Repeat only the lines below from the one containing "Ikea vaikų kambario spintelės ir lentynos" through the one containing "Savoy Hotel Piraeus - 33", inclusive, exactly as written.

→ Data:
== Segment start ==
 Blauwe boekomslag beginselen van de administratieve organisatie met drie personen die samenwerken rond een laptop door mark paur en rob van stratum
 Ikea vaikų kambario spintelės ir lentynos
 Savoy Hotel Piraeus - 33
== Segment end ==
== Segment start ==
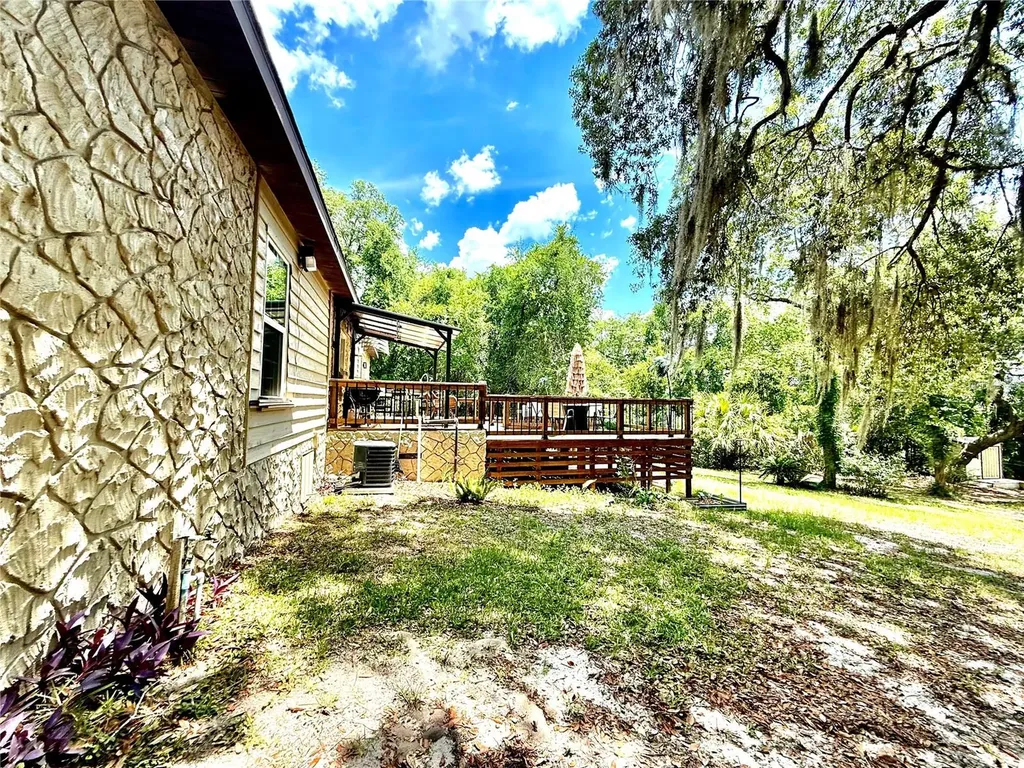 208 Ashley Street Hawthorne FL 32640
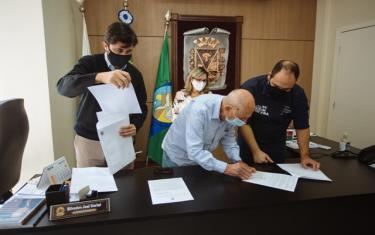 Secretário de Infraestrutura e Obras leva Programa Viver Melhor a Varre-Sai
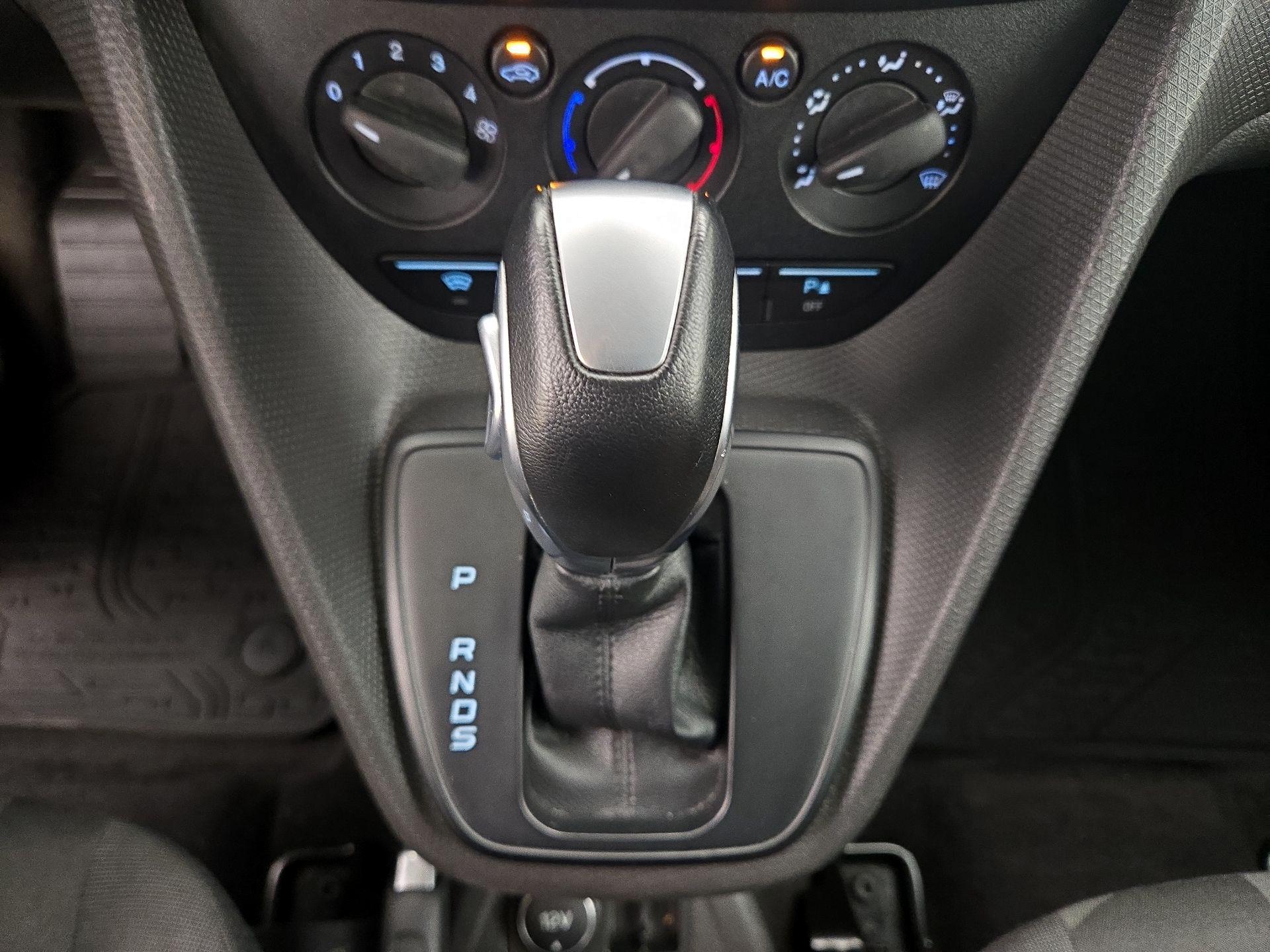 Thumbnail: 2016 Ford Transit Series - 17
== Segment end ==
→ Worked solution:
 Ikea vaikų kambario spintelės ir lentynos
 Savoy Hotel Piraeus - 33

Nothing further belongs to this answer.